Pour autant, la question cardinale n’est plus tant celle d’une reprise des discussions que celle du lieu et de l’architecture de cette médiation. Le Qatar, longtemps pivot incontournable des tractations, pourrait voir sa légitimité et sa disponibilité compromises.
Le Premier ministre, Mohammed ben Abderrahmane Al Thani, a publiquement reconnu, sur les ondes de CNN, que son pays « réévaluait » son rôle, allant jusqu’à dénoncer l’attitude dilatoire de Benyamin Netanyahou, jugée frivole et dépourvue de toute sincérité. Derrière ce ton inédit se profile une inflexion de fond : Doha pourrait désormais se désengager, au moins partiellement, de ce rôle d’intermédiaire qui, depuis plusieurs années, l’exposait à la critique de toutes parts.
L’Égypte, médiateur de substitution
Dans ce climat de recomposition diplomatique, l’Égypte, forte de son expérience de médiation quasi permanente depuis 2021, se trouve propulsée en première ligne. Le Caire s’affaire d’ores et déjà à réactiver les discussions, notamment sur la base du dernier plan américain, et se positionne comme le lieu naturel vers lequel pourrait se déplacer le théâtre des négociations.
Cette hypothèse, évoquée dans les colonnes de Ha’Aretz, s’accompagne d’un soutien implicite de la diplomatie américaine : Elliott Abrams, ancien conseiller de l’administration Trump, a ainsi exhorté publiquement l’Égypte à assumer un rôle central dans la gestion des pourparlers, soulignant que la frappe de Doha ne saurait constituer un obstacle définitif.
Un basculement aux répercussions régionales
Cette possible reconfiguration du dispositif de médiation ne relève pas d’un simple ajustement technique : elle dessine une nouvelle hiérarchie des puissances régionales.

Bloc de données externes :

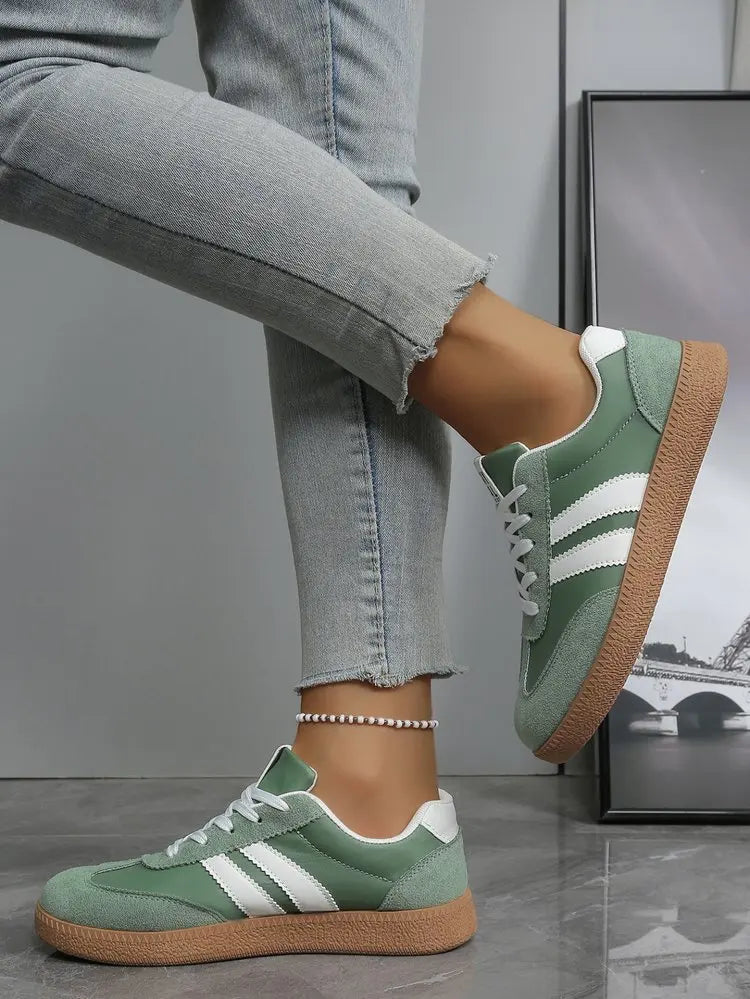 Zapatillas ligeras y cómodas para mujer, zapatos deportivos con cordones a rayas a la moda, zapatillas informales transpirables verdes de talla grande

Le Qatar, qui avait su imposer sa marque en combinant ses liens privilégiés avec le Hamas et son étroite relation avec Washington, pourrait voir son influence érodée au profit d’un Caire pragmatique, disposant d’un ancrage historique et géopolitique indéniable dans la gestion du dossier palestinien.
Ce basculement, s’il devait se confirmer, traduirait une double dynamique : d’une part, la fragilité d’un Qatar fragilisé par sa trop grande proximité avec les factions islamistes et désormais exposé à la vindicte israélienne ; d’autre part, la volonté des États-Unis de s’appuyer sur l’Égypte, acteur plus classique et plus contrôlable dans le jeu diplomatique régional.
Loin de constituer une rupture nette, la situation actuelle illustre un glissement progressif des équilibres, où l’influence des monarchies du Golfe pourrait céder le pas à la centralité retrouvée du Caire.
En définitive, la frappe israélienne à Doha, en fragilisant l’un des médiateurs emblématiques du conflit, a rouvert la compétition régionale pour l’arbitrage de la question palestinienne. Si le Hamas semble disposé à reprendre langue avec ses interlocuteurs, la scène de négociation pourrait bien changer de décor : de la modernité vitrine du Qatar à l’antique poids diplomatique de l’Égypte. Un déplacement qui, au-delà des apparences, traduit l’éternelle oscillation entre innovation et continuité dans la gestion des crises du Proche-Orient.